Accumulation at Bridges

Drift accumulates at bridges when it encounters structural components that trap it. Most observed drift accumulations fall into two classes: single-pier accumulations and span blockages. Consistent features of observed accumulations allow prediction of probable locations and maximum size of potential accumulations.

A probable maximum width of drift accumulations and blocked spans can be estimated on the basis of known drift characteristics or, lacking detailed information on drift, on the basis of channel width upstream from the site. Wider span blockages and single-pier accumulations are rare, and seem to involve the formation of mid-channel bars through massive sedimentation or the accumulation of exceptionally large drift.

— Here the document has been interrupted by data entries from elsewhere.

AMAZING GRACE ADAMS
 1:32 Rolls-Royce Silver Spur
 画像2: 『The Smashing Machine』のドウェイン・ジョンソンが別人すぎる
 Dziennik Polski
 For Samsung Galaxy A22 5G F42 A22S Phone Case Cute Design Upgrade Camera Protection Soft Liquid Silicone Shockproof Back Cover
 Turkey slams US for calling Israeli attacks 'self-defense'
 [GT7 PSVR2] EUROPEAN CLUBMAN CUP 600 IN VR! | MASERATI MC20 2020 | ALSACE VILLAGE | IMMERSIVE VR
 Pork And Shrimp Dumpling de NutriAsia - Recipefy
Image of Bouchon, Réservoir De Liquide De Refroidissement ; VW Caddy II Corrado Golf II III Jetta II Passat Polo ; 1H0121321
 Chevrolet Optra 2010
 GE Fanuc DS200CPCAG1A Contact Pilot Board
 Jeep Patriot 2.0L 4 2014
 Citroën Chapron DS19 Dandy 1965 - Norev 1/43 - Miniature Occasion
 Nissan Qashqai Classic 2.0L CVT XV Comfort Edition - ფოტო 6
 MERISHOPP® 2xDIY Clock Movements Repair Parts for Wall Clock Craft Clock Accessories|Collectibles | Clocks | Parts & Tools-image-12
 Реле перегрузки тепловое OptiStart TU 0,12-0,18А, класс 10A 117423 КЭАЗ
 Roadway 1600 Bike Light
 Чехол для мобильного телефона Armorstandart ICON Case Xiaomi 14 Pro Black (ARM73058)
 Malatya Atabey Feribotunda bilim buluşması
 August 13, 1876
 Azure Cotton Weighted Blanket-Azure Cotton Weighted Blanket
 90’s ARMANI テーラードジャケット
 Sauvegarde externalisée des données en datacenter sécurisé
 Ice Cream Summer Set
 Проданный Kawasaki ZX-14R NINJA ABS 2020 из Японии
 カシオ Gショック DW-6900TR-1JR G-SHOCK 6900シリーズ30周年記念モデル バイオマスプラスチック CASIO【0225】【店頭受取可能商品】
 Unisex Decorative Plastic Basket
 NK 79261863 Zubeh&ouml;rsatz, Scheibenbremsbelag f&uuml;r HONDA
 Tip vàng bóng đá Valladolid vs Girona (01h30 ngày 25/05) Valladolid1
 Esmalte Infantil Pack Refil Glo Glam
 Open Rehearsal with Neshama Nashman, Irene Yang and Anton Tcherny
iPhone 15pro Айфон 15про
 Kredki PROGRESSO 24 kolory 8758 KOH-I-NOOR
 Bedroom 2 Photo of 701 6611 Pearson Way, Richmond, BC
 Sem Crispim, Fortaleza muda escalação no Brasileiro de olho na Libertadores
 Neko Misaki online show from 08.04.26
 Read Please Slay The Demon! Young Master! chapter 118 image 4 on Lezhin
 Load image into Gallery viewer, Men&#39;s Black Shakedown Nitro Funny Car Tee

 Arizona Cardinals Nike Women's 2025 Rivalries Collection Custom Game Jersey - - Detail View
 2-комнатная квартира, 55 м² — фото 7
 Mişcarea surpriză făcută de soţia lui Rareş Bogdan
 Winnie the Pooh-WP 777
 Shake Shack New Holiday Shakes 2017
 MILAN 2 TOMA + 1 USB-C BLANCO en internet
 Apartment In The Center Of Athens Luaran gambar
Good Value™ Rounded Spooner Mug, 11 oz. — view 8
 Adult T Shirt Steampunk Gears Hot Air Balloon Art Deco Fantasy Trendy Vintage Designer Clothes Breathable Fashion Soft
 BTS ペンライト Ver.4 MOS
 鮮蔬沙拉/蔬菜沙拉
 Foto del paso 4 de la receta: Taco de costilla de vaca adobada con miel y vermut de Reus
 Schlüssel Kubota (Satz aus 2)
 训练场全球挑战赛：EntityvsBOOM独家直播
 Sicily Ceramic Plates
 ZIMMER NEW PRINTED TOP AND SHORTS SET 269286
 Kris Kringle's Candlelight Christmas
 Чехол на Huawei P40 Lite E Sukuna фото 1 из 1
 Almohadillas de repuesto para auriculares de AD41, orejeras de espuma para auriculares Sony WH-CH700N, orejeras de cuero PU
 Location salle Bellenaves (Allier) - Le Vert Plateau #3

No limit to the vertical extent of accumulations has been established other than the depth of flow. In the process of formation, single-pier accumulations often take on a form roughly resembling the inverted half-cone shape implied by New Zealand's design criteria (Dongol, 1989; Dr. Arthur Parola, University of Louisville, written commun., 1992). Under some circumstances, drift accumulations can reach from the water surface to the river bed. The maximum vertical extent of drift accumulation observed in this study was more than 12 m (40 ft).

Unlike drift delivery, which is commonly beyond the control of bridge engineers, drift trapping can be reduced by appropriate design features such as adequate freeboard, long spans, solid piers, and careful pier placement. Measures designed to guide drift through existing structures have had mixed results.